Discussion on the change to a 16-week calendar, winter intersession continue


Cerritos College Faculty Senate President Michelle Lewellen discussing the options for a 16-week calendar during the Tuesday, May 2 Faculty Senate meeting. Lewellen and other senators discussed the possibility of adding a winter intersession to the academic calendar. Photo credit: Perla Lara

Perla Lara

The discussion for changing the college’s academic semester to a 16-week semester continues from earlier in the semester; adding a winter intersession to the academic calendar is a possibility that both Faculty Senate and the Business Services Office are exploring.

However, per President Jose Fierro the change to a 16-week semester is still at least two years away.

Once the college agrees on the new academic schedule, new contracts for faculty are signed, the Board of Trustees approves the change and the chancellor’s office reviews and approves the 16-week calendar it won’t be until fall semester that the change can take place.

That means the earliest time the college would be on a 16-week academic schedule would be in two years.

Faculty Senate President Michelle Lewellen presented Faculty Senate with four sample options for the new academic schedule, the options included a winter intersession of four or five weeks or the option of not having it at all.

Student Senate Liaison Allen Malfovan would like to have the winter intersession included in the 16-week calendar.

As a returning student, he sees the winter intersession as an opportunity to improve his grade point average and be eligible for internships.

He said, “I think there are a lot of students that are constraint by a lack of a winter intersession, a lot of students that I am friends with wish to do internships over the summer and they can’t myself included.”

Taking a class during summer for him and his friends means not being able to take advantage of opportunities and gain experience in the field they what to be a part of once they graduate.

Furthermore, “For returning students, sometimes they haven’t left on the best of terms and when they come back they have that GPA that doesn’t reflect their current potential. Last semester was my first semester back in four years, so I had a subpar GPA; it didn’t matter I was doing well in my classes in my transcript what was reflected was a period of time where I performed poorly,” Malfavon said.

His GPA at the time made him ineligible for scholarships, TAP for Berkley and other GPA based programs. He had to wait until the end of the semester once grades where recorded to be in good standing.

Faculty Senate Secretary April Griffin agreed with Malfavon in that the 16-week calendar should help students have more flexibility on when to take their classes.

Prior to her five years at Cerritos College Griffin worked in a 16-week calendar, “One of the things I really liked about some of the districts that I part timed in was that they were 16 week calendars. In fact, I didn’t realize the 18-week calendar existed until I came to Cerritos. I was a little surprised when I was making my first syllabus.”

She also said the change in calendar and adding the winter intersession would give students the choice on how long a break to take after the spring semester. Students would have the option of having a weekend break, a three week break or much longer break if they decide not to take anymore classes until fall.
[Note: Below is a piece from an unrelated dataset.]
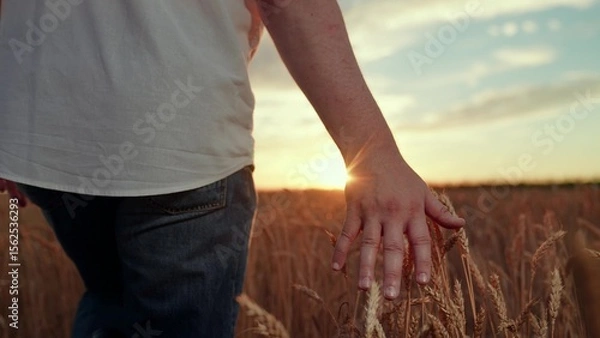 Obraz Fingers of farmer touch golden ears of grain in field in rays of sun. Farmer touching wheat ears with hands in sun. Wheat yellow ripe with grain. Farmer working in wheat field sunset. Agricultural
The 16-week calendar would also impact student services such as counseling; Counselor Armando Soto said, “The input that we got from students is that they wanted a winter intersession so I think we have to honor that agreement.”

Academic counseling works on registration cycles and Soto hasn’t explored the impact the change in weeks would have on counseling.
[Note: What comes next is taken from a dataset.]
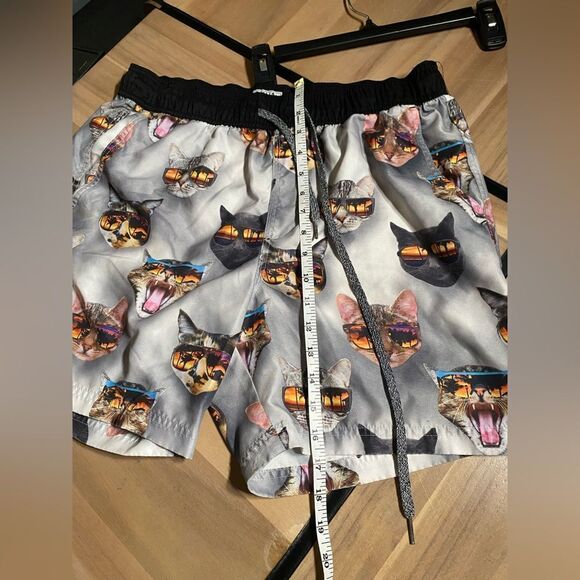 Cats with sun glasses shorts - Picture 5 of 5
He said, one option could be registering for winter and spring together.

Soto said, “As the discussion progresses we’re going to look at our business practices and how we register students.”

One concerns he had looking the options for the new calendar, was when spring ends in June spring shouldn’t end to late.

“For students that are transferring, part of their transcripts and grades need to be sent to universities, people who are doing STEM majors the opportunity to do summer internships, summer programs or research projects, we want to make sure we have grades [ready],” Soto said.

For him ideally ending spring semester the first week of June would be the best option, which he hopes is the option that gets chosen.

As requested by the board of trustees, to better understand the financial and Business impact of the change in calendar Vice President of Business Services Felipe Lopez is working with a third party on an independent financial review.

Lopez said the change would have a financial impact in two main areas.

One being onetime costs such as IT programing set up and updates.

The second being additional cost and support issues which could be several things.

Faculty contracts would not cover the winter intersession and that could require the hiring of adjunct faculty.

Lopez said the winter intersession would also require the extra cost of having counseling services and student support services.

For example, DSPS services such as interpreters would also need to be hired.

Lopez said he was, “Not sure if it [winter intersession] would mirror what we offer in the summer.”

He also said the Full Time Equivalent Students numbers had to be looked at first before making decisions.

Fierro said, “My preference is that we select a schedule that is first focused on student convenience rather than my preference or their preference it has to be what makes more sense to allow the students to schedule their classes better and to continue their academic progress faster.”